Below are some records. Set down exactly the line holding "Offene Stellen und" and every later line through the end, omitting the pictures.

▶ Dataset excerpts
*** Begin section ***
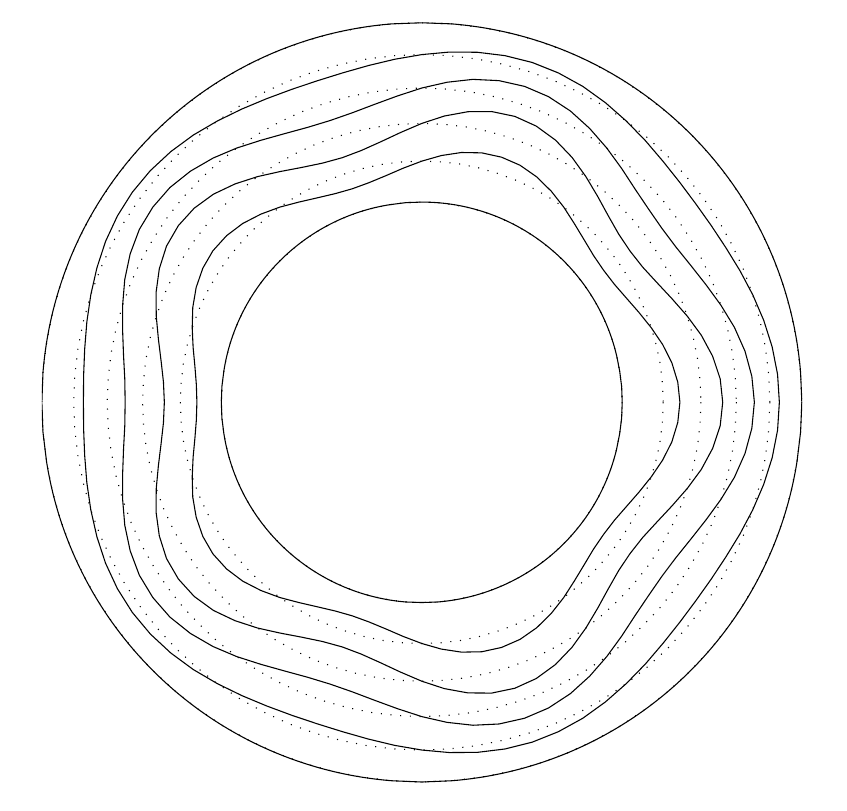 Deformation of a geodesic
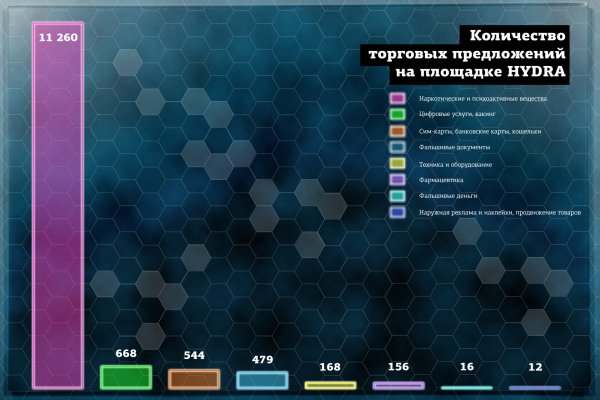 Ссылки магазинов для тор браузера BlackSprut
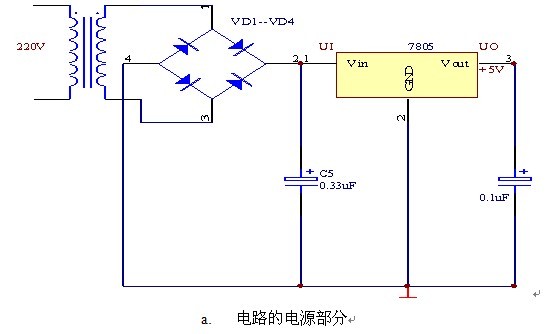 数字信号处理器的设计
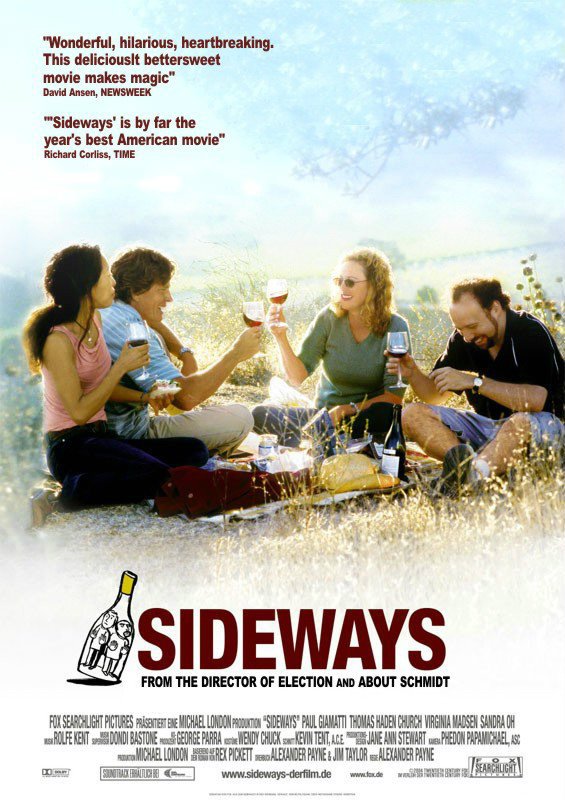L'affiche du film Sideways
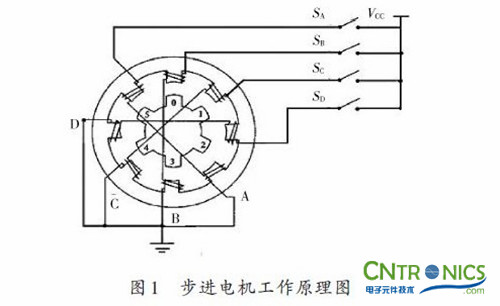 實用技術(shù)：利用FPGA技術(shù)設(shè)計設(shè)計步進電機系統(tǒng)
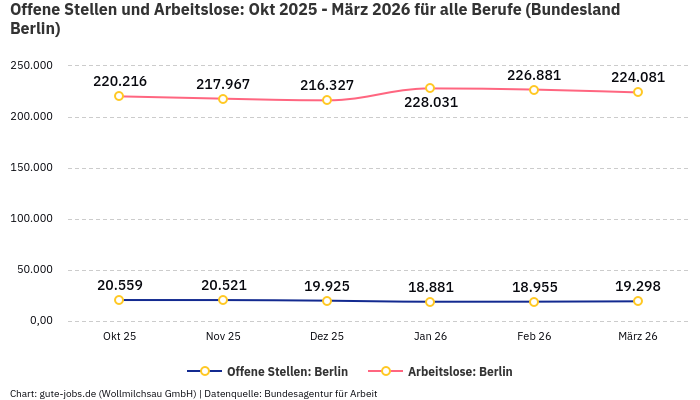 Offene Stellen und Arbeitslose: Okt 2025 - März 2026 | Für alle Berufe | Bundesland Berlin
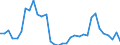 Flow: Exports / Measure: Values / Partner Country: World / Reporting Country: Mexico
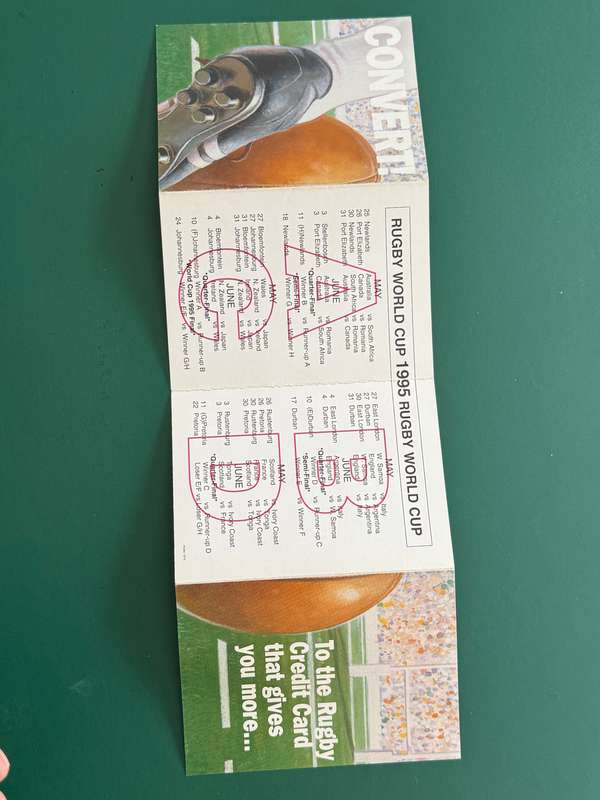 Rugby Itinerary - 1995 Rugby World Cup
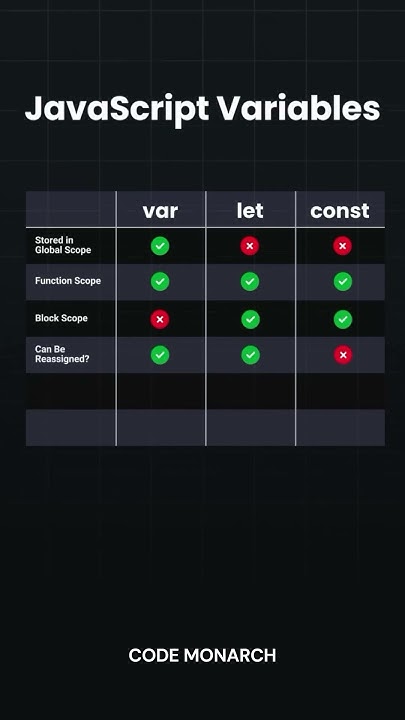 Master JavaScript Variables Let vs Var vs Const Explained! 💡#js #coding ...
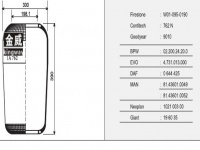 JW762橡胶空气弹簧/气囊/GOMMA Air spring/762N/1SC360-30/9010/556-03-9010/1R2D390 360/W01-095-0190/02.200.24.20.0/4.731.013.000/0644425/81.43601.0049/81.43601.0052/102100300/196035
*** End section ***
▶ PROBLEM SOLUTION
 Offene Stellen und Arbeitslose: Okt 2025 - März 2026 | Für alle Berufe | Bundesland Berlin
 Flow: Exports / Measure: Values / Partner Country: World / Reporting Country: Mexico
 Rugby Itinerary - 1995 Rugby World Cup
 Master JavaScript Variables Let vs Var vs Const Explained! 💡#js #coding ...
 JW762橡胶空气弹簧/气囊/GOMMA Air spring/762N/1SC360-30/9010/556-03-9010/1R2D390 360/W01-095-0190/02.200.24.20.0/4.731.013.000/0644425/81.43601.0049/81.43601.0052/102100300/196035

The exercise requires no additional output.